I want to show that this gives us a sheaf. I imagine the restriction maps are simply function restriction, and in such a case, the presheaf axioms are immediate.
Then for us to show that this forms a sheaf, we need to verify both identity and gluability.
For the former, it seems that if $\{U_i\}_{i\in I}$ is a cover of some $U\subset X$, and $\text{res}^U_{U_i}f = \text{res}^{U}_{U_i}g$ for each $i\in I$, i.e. $f|_{U_i}=g|_{U_i}$ for each $i\in I$, it is clear that $f\equiv g$ on $U$ and thus $f=g\in \mathcal{F}(U)$. So identity is immediate
For the latter, we need $f_i\in \mathcal{F}(U_i)$ for each $i\in I$ such that they agree on intersections: $$f_i|_{U_i\cap U_j}=f_j|_{U_i\cap U_j},$$ and that this induces an $f\in \mathcal{F}(U)$ that restricts to each of these. This $f$ must be locally constant. We can just let $f$ be defined globally (on $U$) by $f=f|_{U_i}$ on $U_i$, and this is well defined on each point in $U$, since any point $x\in U$ that lies in multiple of the $U_i$ has all of the $f_i$ agree o it. It is also still locally constant, since every point had a neighbourhood in some $U_i$ where $f_i$ restricted to that was constant, and we can restrict $f$ down to that.
It feels like I am writing a whole bunch of crap. How do I write this more succinctly, is it even correct?

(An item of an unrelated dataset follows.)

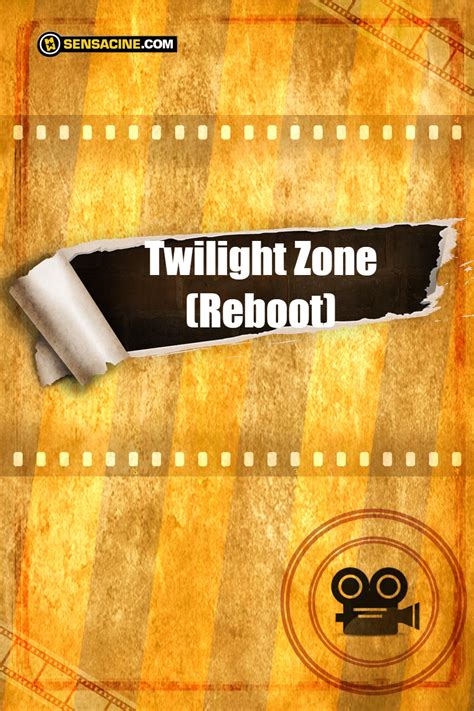 Twilight Zone (Reboot) - Serie 2019 - SensaCine.com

Let $X$ and $Y$ be topological spaces. Define a presheaf $\mathcal F$ on $X$ by $\mathcal F(U)$ is the set of continuous maps $U\to Y$. Restriction maps are restrictions. Then $\mathcal F$ is a sheaf; sections satisfying glueing conditions glue together to make a mapping, and is continuous, as a locally continuous map is continuous.
Now let $Y$ be $S$ with the discrete topology.
Your argument is basically this, with "locally constant" replacing "continuous".